There was a murmur amongst my friends and some were pointing, when I looked, there was a smart Jaguar heading towards us and a mate waved and got a reply from the driver, who turned out to be one of the West Ham full-backs, Frank Lampard Senior.
My mates were all excited about the encounter, but I was yet to be impressed. All that was about to change, however, we turned a corner and in my field of vision were two imposing figures of the South Bank Floodlights.
The stands then loomed in to view and I was beginning to sense an atmosphere and air of occasion. Most fans will talk about the smell of hot dogs and when that happens to me, wherever I am, it reminds me of my first ever game at the Boleyn Ground.
More fans joined us in our approach and walking down Green Street, we passed stalls that were selling scarves, hats, badges and food and sweets. We bought a programme for 15p, a far cry from today’s £3.50.
Getting into the ground was only a few pounds and we entered a part of the stadium behind the East Stand, where the pitch wasn’t yet visible.
We went up a short flight of concrete stairs and then I got the view that I and been waiting for.
After hundreds of games on the Big Match and Match of the Day, I was finally able to see a live game. The noise was increasing, especially from behind both goals. The players came out to the Bubbles song and the atmosphere was building nicely.
A crescendo of noise supported the kick-off and the match began. I was constantly looking around the stands at supporters and taking everything in.
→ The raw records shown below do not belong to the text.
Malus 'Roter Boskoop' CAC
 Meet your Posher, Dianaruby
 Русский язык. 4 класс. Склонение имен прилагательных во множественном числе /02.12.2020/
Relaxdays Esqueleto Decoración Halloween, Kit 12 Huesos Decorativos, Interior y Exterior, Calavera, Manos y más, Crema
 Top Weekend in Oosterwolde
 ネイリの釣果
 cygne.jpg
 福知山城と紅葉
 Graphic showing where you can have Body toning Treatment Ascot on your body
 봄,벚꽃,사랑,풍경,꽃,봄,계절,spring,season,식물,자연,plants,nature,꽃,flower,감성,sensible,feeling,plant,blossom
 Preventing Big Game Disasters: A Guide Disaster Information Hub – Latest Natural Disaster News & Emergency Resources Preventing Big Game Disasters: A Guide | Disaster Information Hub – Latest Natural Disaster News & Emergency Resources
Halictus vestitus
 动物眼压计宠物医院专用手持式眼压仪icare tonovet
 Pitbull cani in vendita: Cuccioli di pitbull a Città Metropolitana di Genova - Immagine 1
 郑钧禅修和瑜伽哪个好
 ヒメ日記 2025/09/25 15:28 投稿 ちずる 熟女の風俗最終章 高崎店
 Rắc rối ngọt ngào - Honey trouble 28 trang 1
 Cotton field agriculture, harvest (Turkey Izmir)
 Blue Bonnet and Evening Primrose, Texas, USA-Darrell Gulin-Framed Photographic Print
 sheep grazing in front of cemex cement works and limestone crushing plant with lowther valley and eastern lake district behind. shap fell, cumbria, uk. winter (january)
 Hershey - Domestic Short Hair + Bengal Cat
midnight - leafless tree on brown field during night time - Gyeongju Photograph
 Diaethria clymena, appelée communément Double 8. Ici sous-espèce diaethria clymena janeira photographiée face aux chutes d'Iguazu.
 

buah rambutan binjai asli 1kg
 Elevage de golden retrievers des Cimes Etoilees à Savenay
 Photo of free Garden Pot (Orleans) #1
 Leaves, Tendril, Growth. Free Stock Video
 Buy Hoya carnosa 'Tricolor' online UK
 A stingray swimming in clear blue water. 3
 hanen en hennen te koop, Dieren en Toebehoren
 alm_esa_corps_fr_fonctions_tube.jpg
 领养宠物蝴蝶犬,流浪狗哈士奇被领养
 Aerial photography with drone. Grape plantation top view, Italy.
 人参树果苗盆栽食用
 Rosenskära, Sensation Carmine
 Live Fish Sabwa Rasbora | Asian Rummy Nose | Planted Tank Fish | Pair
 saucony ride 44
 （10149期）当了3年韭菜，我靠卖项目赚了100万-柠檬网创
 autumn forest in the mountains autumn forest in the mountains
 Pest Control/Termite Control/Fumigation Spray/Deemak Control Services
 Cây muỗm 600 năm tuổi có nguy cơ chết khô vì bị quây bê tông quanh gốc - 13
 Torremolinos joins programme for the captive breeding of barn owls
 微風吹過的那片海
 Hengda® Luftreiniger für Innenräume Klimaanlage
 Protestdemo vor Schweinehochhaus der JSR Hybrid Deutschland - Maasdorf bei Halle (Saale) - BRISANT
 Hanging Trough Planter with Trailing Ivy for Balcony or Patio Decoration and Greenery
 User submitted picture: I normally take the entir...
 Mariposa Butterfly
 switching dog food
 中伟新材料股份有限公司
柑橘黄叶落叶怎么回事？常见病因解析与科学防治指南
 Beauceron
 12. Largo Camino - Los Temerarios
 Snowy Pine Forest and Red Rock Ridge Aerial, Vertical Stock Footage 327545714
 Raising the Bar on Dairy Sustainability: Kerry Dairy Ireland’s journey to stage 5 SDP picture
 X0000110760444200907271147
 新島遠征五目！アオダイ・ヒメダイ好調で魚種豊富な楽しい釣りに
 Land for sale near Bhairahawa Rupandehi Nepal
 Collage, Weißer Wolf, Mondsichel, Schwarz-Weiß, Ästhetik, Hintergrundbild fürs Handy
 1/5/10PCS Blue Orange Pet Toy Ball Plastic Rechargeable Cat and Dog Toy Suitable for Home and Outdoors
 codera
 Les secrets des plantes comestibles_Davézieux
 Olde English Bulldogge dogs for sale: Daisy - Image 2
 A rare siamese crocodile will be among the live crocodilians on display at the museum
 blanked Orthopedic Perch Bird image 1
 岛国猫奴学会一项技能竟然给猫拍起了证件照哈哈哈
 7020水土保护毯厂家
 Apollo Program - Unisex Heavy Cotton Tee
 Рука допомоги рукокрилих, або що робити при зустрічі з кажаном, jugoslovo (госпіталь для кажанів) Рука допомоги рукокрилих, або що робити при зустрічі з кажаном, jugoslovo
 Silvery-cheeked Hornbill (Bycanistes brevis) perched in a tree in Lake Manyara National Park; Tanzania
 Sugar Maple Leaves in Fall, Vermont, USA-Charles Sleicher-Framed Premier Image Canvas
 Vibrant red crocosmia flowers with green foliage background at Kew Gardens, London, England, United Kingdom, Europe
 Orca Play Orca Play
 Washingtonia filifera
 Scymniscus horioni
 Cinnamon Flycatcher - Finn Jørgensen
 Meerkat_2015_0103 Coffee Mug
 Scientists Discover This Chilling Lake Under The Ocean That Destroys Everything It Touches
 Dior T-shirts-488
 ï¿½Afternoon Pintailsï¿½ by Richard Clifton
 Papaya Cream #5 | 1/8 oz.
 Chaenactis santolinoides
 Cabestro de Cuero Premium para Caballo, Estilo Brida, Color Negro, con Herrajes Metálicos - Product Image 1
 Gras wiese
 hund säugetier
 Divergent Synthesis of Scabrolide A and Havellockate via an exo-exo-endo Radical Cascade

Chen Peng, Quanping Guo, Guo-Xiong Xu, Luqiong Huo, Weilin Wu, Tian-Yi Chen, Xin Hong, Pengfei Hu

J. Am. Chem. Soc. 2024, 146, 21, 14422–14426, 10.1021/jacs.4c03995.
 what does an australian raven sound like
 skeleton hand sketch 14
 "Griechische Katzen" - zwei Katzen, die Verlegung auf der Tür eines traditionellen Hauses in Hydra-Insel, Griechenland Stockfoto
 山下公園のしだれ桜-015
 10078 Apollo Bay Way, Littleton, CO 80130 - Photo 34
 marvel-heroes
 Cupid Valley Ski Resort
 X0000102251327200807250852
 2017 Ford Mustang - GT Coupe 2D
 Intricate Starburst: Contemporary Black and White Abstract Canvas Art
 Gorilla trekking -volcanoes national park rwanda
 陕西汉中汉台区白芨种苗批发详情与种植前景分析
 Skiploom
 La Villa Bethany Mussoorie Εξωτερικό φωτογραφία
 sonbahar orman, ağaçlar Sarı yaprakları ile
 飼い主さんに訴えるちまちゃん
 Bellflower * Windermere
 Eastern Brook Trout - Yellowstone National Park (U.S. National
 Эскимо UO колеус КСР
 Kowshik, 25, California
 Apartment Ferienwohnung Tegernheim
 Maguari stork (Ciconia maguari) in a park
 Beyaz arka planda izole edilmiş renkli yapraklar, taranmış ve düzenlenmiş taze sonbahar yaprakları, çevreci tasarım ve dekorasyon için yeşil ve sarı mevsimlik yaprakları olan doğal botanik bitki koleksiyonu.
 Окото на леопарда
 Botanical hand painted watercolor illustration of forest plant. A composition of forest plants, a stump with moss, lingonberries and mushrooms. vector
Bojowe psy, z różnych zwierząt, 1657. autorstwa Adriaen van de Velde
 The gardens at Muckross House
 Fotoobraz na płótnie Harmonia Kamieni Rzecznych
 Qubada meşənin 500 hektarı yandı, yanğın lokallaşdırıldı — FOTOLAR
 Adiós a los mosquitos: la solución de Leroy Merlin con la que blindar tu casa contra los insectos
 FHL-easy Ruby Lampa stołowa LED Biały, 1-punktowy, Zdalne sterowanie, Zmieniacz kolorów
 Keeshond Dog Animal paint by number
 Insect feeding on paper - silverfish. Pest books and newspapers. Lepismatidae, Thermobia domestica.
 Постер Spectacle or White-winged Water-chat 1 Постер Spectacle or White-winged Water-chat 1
During one of these episodes, I heard a big cheer and I immediately thought West Ham had scored, but when I looked I realised the ref had given a penalty and then there was an even bigger cheer. When Bryan ‘Pop’ Robson converted.
This was to be a very topsy-turvy game, two goals from the brilliant Alan Devonshire twice equalising, meant the game ended 3-3, but I was captivated and completely hooked to live football and with West Ham, I was completely hooked, line and sinker”.